Local SEO
If you run a local business in New Zealand and you haven’t claimed your Google Business Profile, you’re handing customers to your competitors for free. Here’s how to fix that in one afternoon.
What is Google Business Profile?
Google Business Profile (GBP) is the listing that appears when someone searches for your business name — or for a type of business near them. It shows up in Google Search and Google Maps. It includes your hours, phone number, address, photos, reviews, and more.
It’s completely free. And yet a huge number of NZ small businesses either haven’t claimed theirs, or have claimed it but never properly filled it out. That’s a big missed opportunity.
Step one: claim and verify your listing
Go to business.google.com and search for your business. If it already exists (Google often auto-creates listings from other data sources), claim it. If not, create a new one. Verification is usually done by postcard, phone, or — increasingly — by video call with Google.
Don’t skip this step. An unclaimed listing can have wrong information — wrong hours, wrong address, wrong phone number — and you have no way to fix it until you’ve verified ownership.
Fill out every section
Most business owners fill in the basics and stop. Don’t. Every section you leave blank is a missed opportunity to match what someone is searching for.
The sections that matter most: your business description (use keywords people actually search for), your services and products (write real descriptions, not just titles), your hours (keep them up to date — wrong hours destroy trust fast), and your photos.
Photos make a bigger difference than most people expect
Listings with photos get significantly more clicks and direction requests than those without.

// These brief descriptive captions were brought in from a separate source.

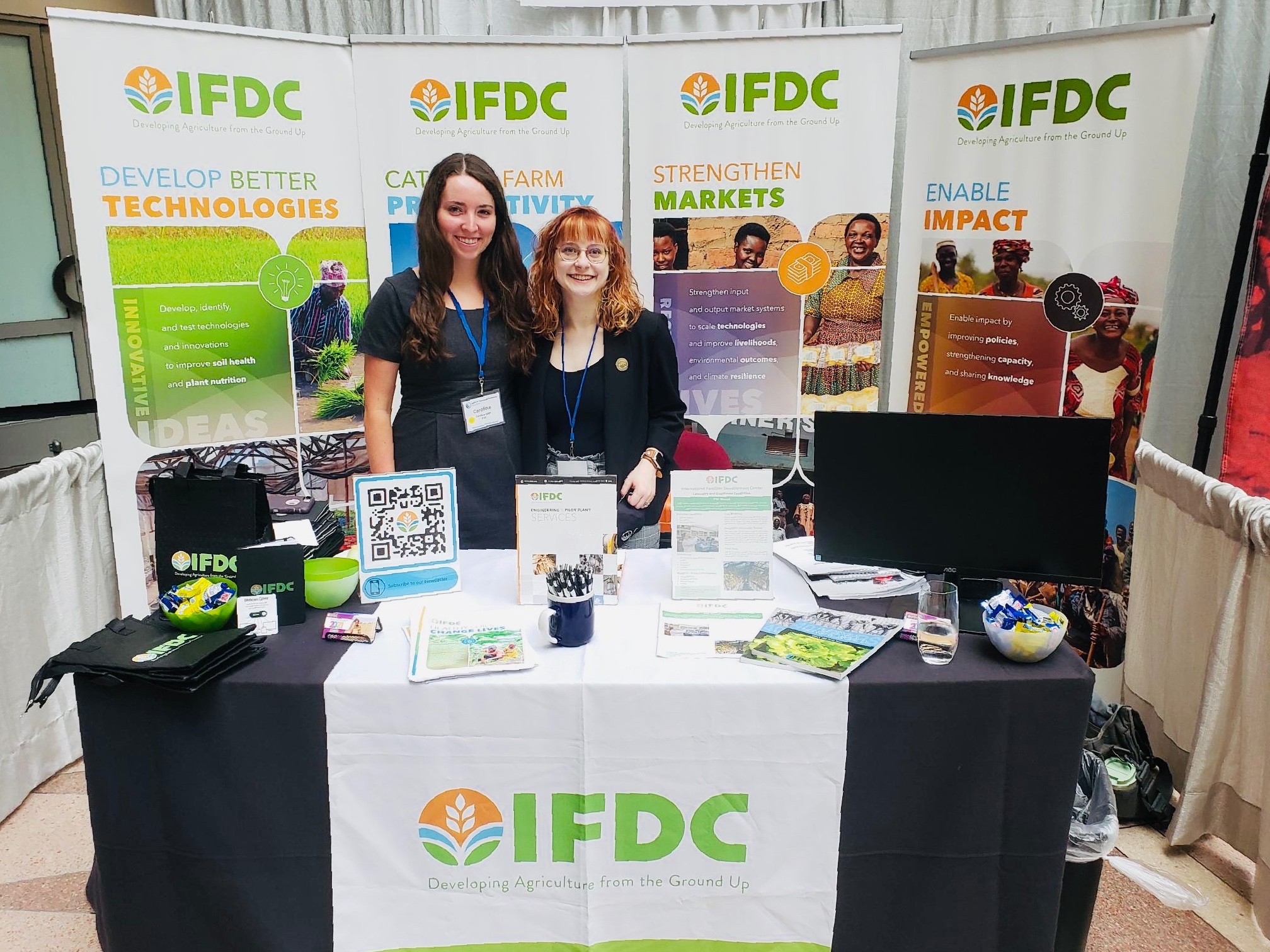 Caroline Sage & Anna Goodwin Stand at IFDC Booth for The SID-US Conference
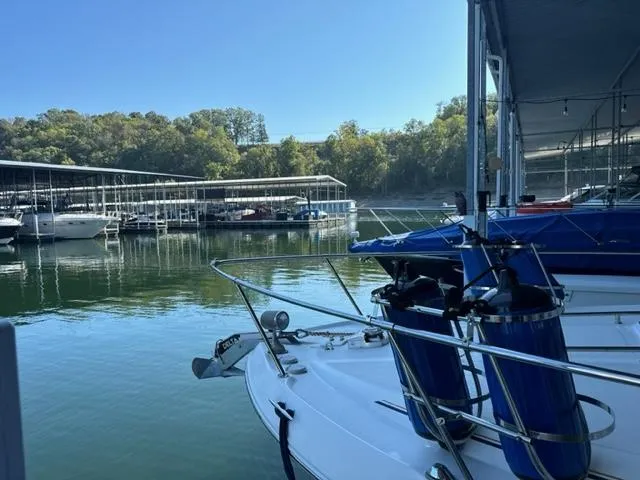 Slide: The Image of Sea Ray 310 Sundancer 2000 docked at a marina with other boats. - 3
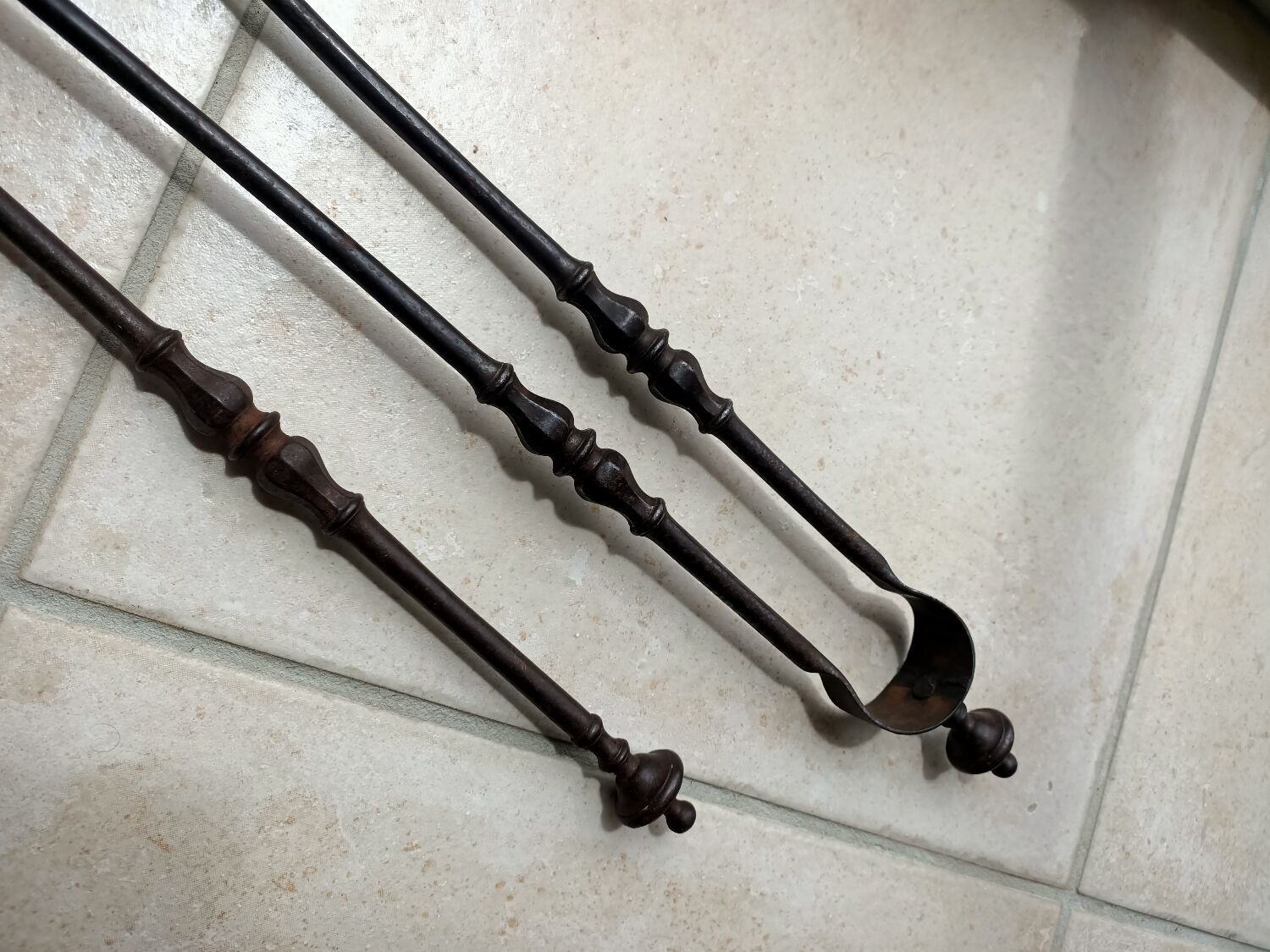 Tisonnier en fer forgé début XIXe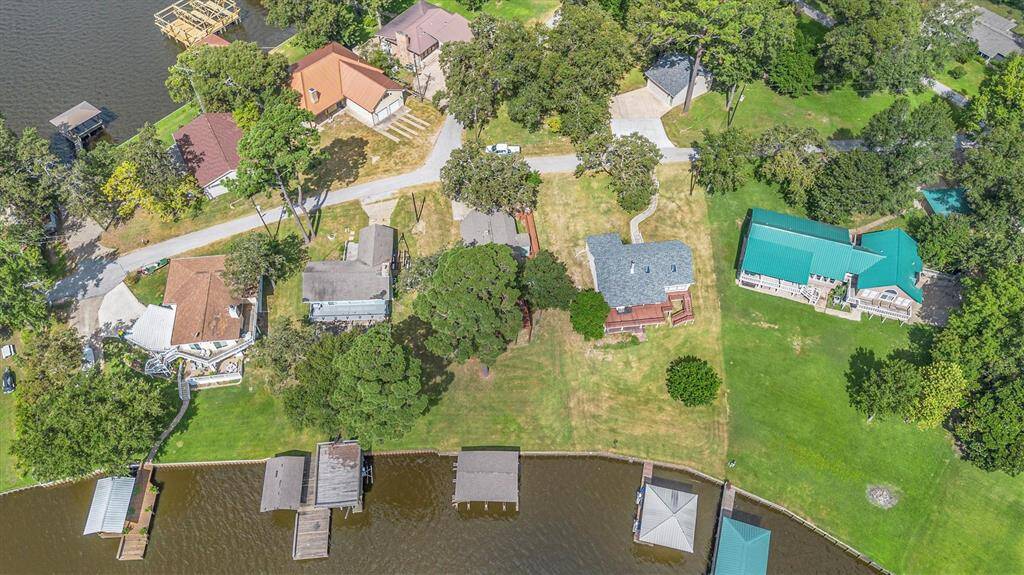 Aerial photo of this lovely a waterfront property with a private boat dock, and neighboring homes in a serene, tree-lined neighborhood.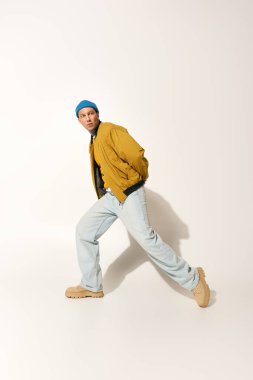 A young man wearing a yellow jacket and blue beanie poses dynamically in a stylish outfit. clipart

You don’t need a professional photographer — your phone is fine. Aim for at least 10 photos to start: your exterior (so people recognise you), your interior, your team at work, your products or services in action, and a few happy customers if they’re willing.
Add new photos regularly. Google’s algorithm gives a small nudge to profiles that show recent activity.
Reviews are everything
Reviews are the single biggest trust signal for local businesses. They’re also a direct ranking factor — businesses with more (and better) reviews rank higher in the map results.
The most effective way to get reviews: ask. Right after you’ve done a good job, send a quick text or email with a direct link to your review page. Most people are happy to leave one if you make it easy. And respond to every review — positive and negative. It shows you’re paying attention.
Keep your information consistent everywhere
Google cross-checks your GBP details against your website and other directories like Yellow Pages and Finda. If your name, address, or phone number differs between them — even something small like “St” vs “Street” — it creates doubt in Google’s algorithm and can hurt your ranking.
Do a quick audit. Search your business name and check the first few results. If anything’s wrong or inconsistent, fix it.
Post updates occasionally
GBP has a posts feature — think of it like a mini social media feed attached to your listing. A post a month is enough. Promotions, new services, seasonal hours, events — anything that shows the business is active. Active profiles tend to outrank stale ones.
None of this takes long. A focused afternoon gets the hard work done. After that, 20 minutes a month keeps it humming. For a free tool, the return is hard to beat.